These winter days, silent and dark, take me back to other times.
After Mom went into assisted living in November 2007, the snow began to fall and I began to clean the house of 50 years of accumulation. We had to throw out the furniture Mom’s six cats had sprayed because she couldn’t remember to clean out the six litter boxes scattered about the house. My son Donovan pulled out the urine soaked carpeting, installed the day Bobby Kennedy was assassinated in 1968. I sorted through drawers of cards, bags of old letters, a filing cabinet full of old bills. And in the cedar chest, I found among other things, the night gown my frail grandmother had worn in the nursing home where she spent her last two and a half years, finally dying at 97. Why did Mom bring it home to fold away and preserve? To have the last piece of clothing Grandma wore? “I wish she’d become senile,” Mom would say to me on the phone. “She cries and wants to go home to her big old house. It makes me feel so guilty.” And as the months limped along, she’d say, “I wish she could die. She is so unhappy. I’m so weary of going to see her twice a week. Your dad resents my going. I’m gone half of the day. I wish she could die.”
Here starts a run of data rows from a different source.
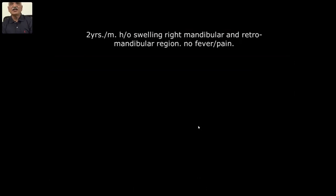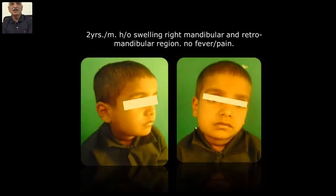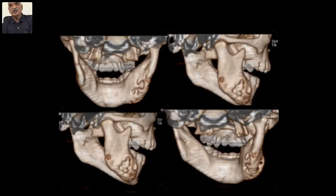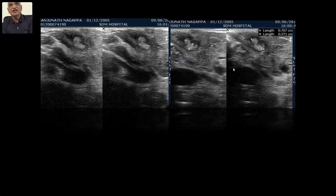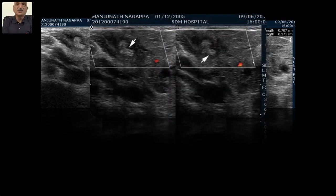Two-year-old male with history of swelling in the right mandible and retromandibular region — no fever, no pain. Initially they did an OPG and could see destroyed mandible, thinking it was osteomyelitis, but externally there were no draining sinuses. CT was done and associated with osteomyelitis, but none could give the cause. Interested in ultrasound, they referred for it. Surprisingly, I could see a well-defined hyperechoic cluster-related structure scattered within the lesion, surrounded by hypoechoic area — classical appearance of a fungal colony.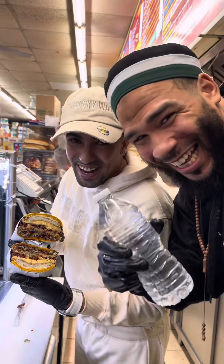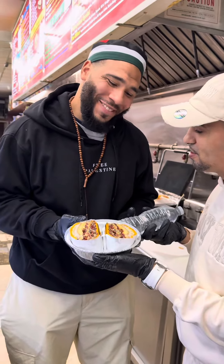OMG. Can't forget to wrap it — never, never, never. Now we serve it to my brother. There you go.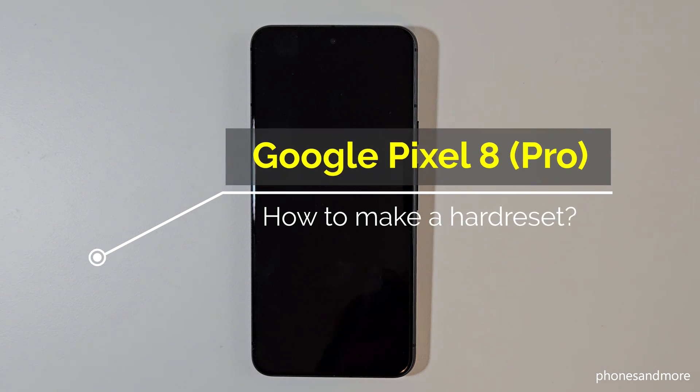Hello everybody, I want to show you with this video how you can make a factory data reset on Google Pixel 8 and Google Pixel 8 Pro.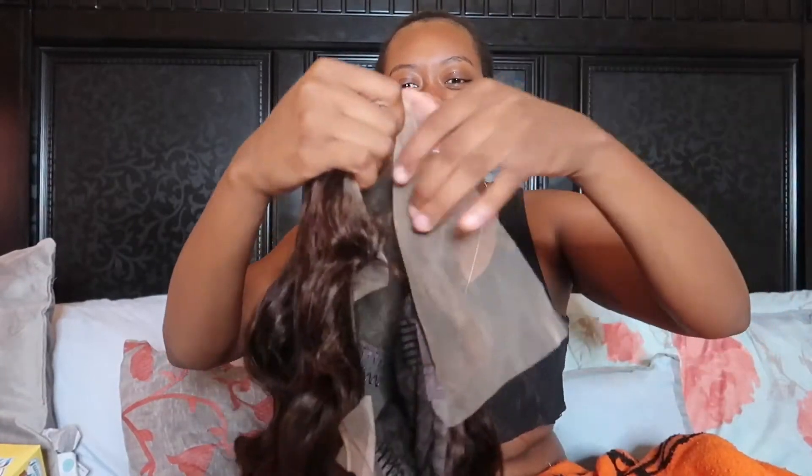So this is the wig. Ignore my no edges — everybody knows I'm bald, and if you don't know, now you know. So this is the wig, you can see it. I got a 22 inch — I didn't tell y'all the inches. They did not have a 24; I think it was sold out.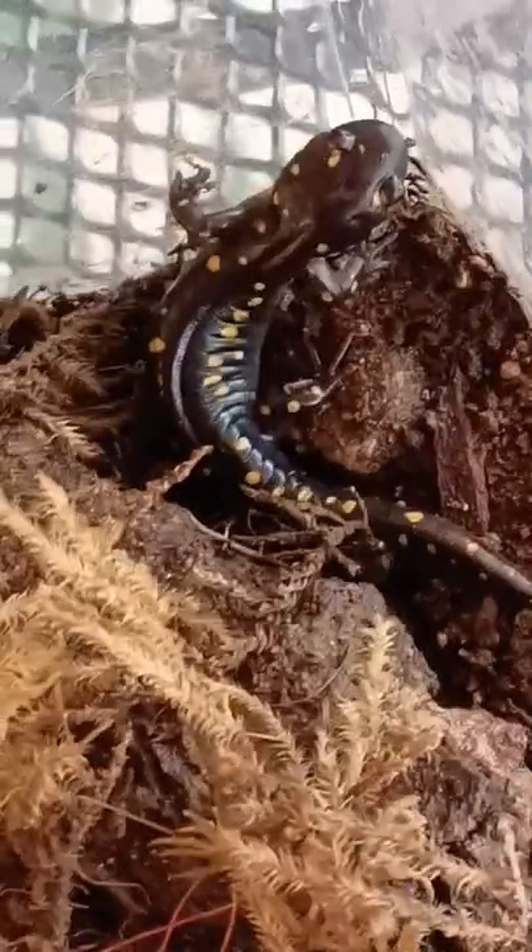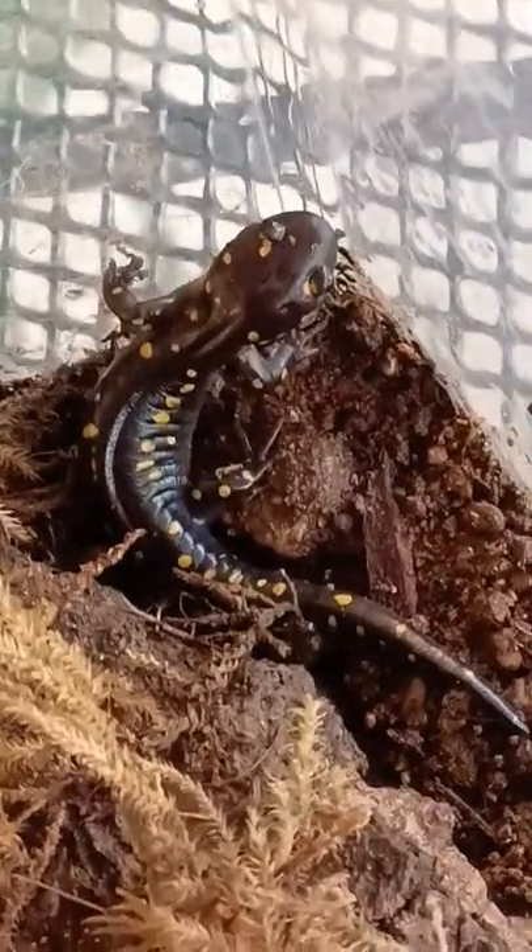Everything you need to know about caring for your salamander. First up, handling.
I thought it awful for her to wish for her mother’s death. But now - not so much. Did she bring home her mother’s nightgown because of deep guilt? Or to have one last thing with her mother’s scent on it? She often said through the years how much she missed her. Now, she looks for her. When I arrive at assisted living and say, “Hi, Mom,” she’ll turn and look around. “Where is she . . . where’s Mom?”
We watch our loved ones slide irretrievably into the past, their past – either real or imagined.